## Assignment
Take the line that contains "[BUNJANG] Saint Laurent" and each line after it to the end of the material below, and return them exactly, minus the pictures.
* * * * *
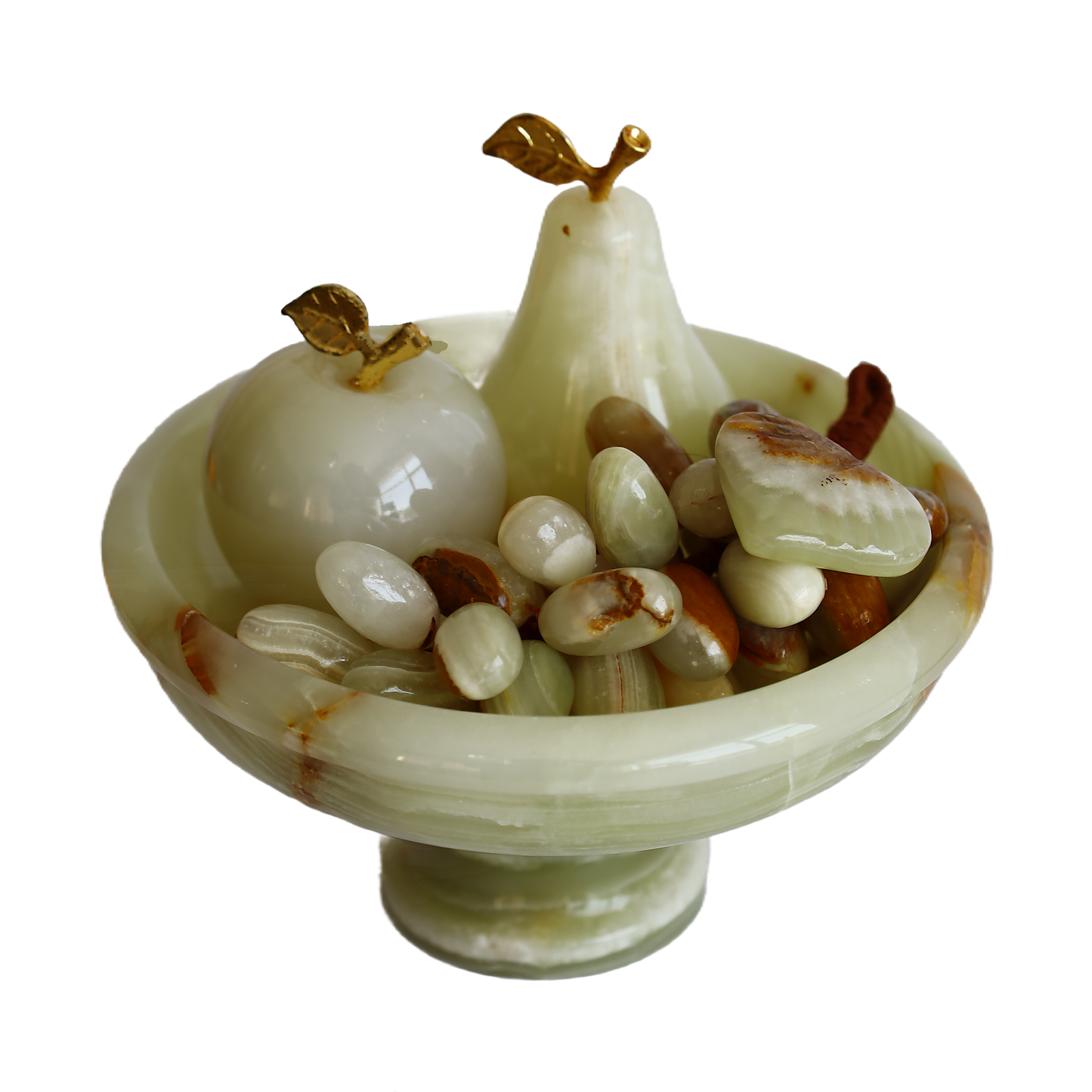 Natural Onyx Stone Fruit Set – 6 Inch Pedestal Bowl, Handcrafted Pear-Apple-Grape Decor, White & Coffee Patterned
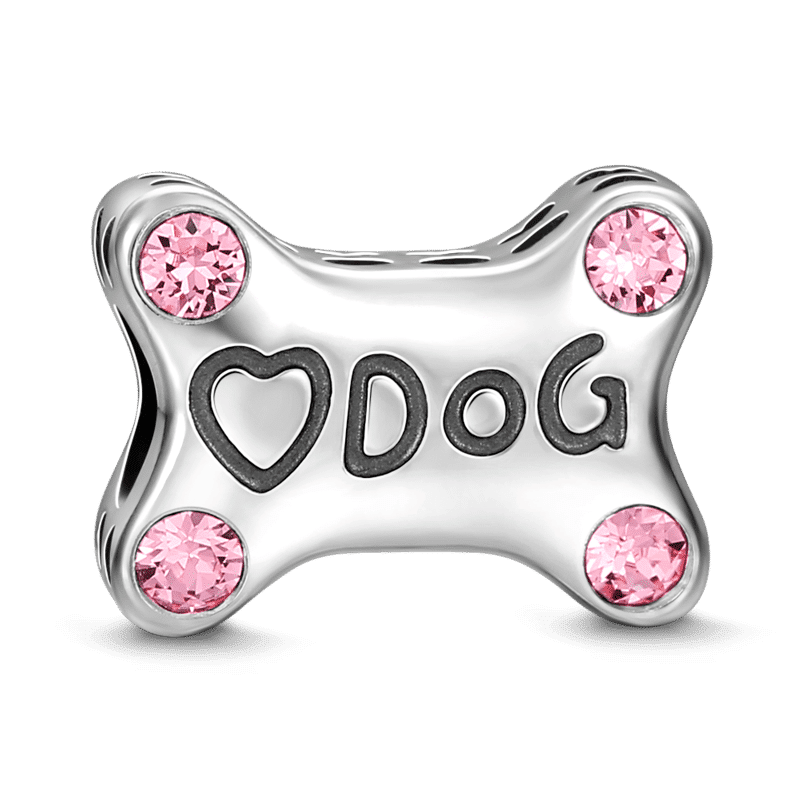 Dog Loves Bone Charm Silver - soufeelus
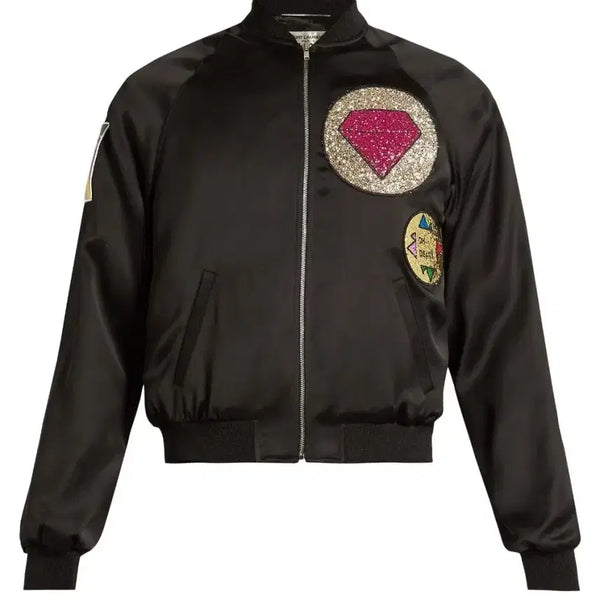 [BUNJANG] Saint Laurent 17SS Diamond Patch Satin Bomber Jacket / 생로랑 17ss 다이아 패치 새틴 봄버 42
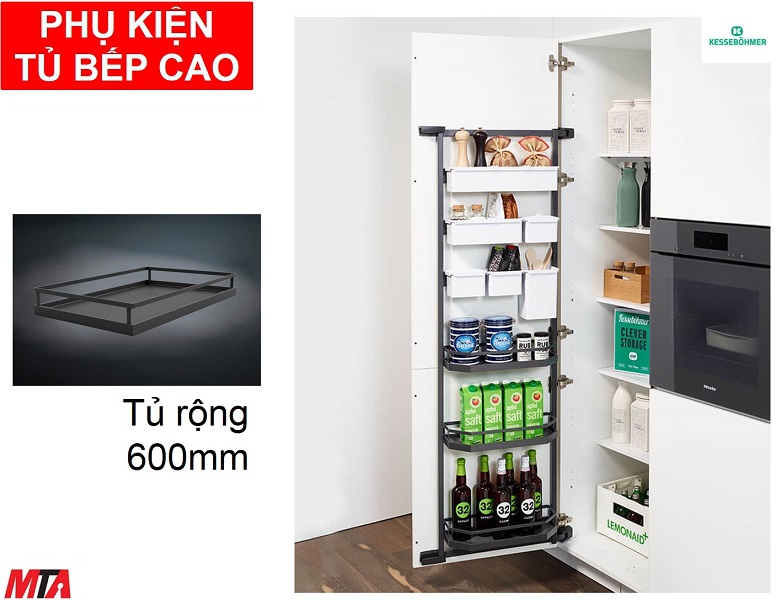 Phụ kiện tủ bếp hafele 545.02.432 Tandem Side màu đen 6 khay tủ rộng 600mm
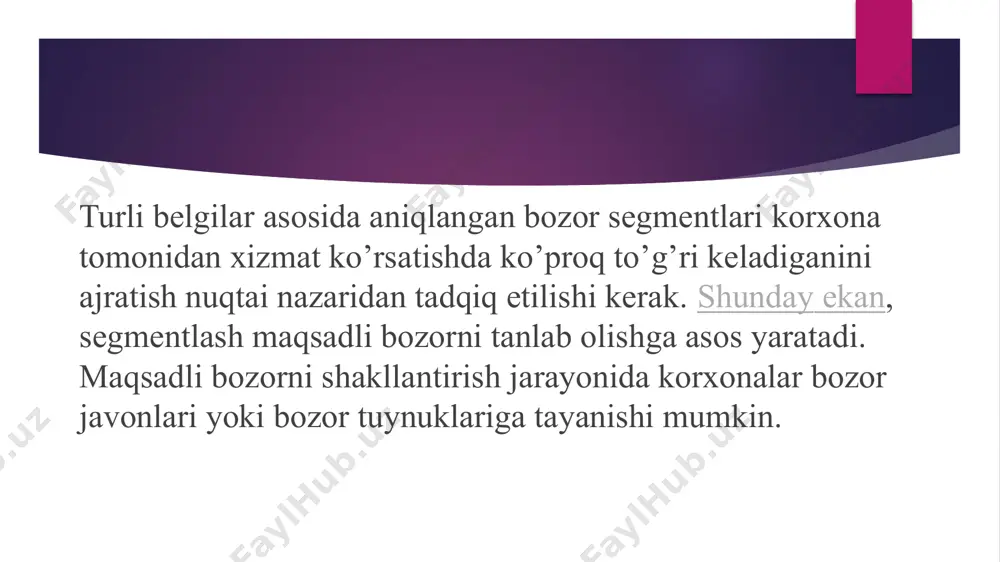 sektorga, bitta mahsulotga (bozorga) yoki ommaviy bozorga e'tibor berishlarini hal qiladilar. firma butun bozorni qamrab olishni tanlashi yoki asosiy bozorida bir yoki bir nechta aniq segmentlarga e'tibor qaratishni tanlashi mumkin. e’tiboringiz uchun rahmat !!! image1.jpeg /docprops/thumbnail.jpeg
* * * * *
## Answer to this problem
 [BUNJANG] Saint Laurent 17SS Diamond Patch Satin Bomber Jacket / 생로랑 17ss 다이아 패치 새틴 봄버 42
 Phụ kiện tủ bếp hafele 545.02.432 Tandem Side màu đen 6 khay tủ rộng 600mm
 sektorga, bitta mahsulotga (bozorga) yoki ommaviy bozorga e'tibor berishlarini hal qiladilar. firma butun bozorni qamrab olishni tanlashi yoki asosiy bozorida bir yoki bir nechta aniq segmentlarga e'tibor qaratishni tanlashi mumkin. e’tiboringiz uchun rahmat !!! image1.jpeg /docprops/thumbnail.jpeg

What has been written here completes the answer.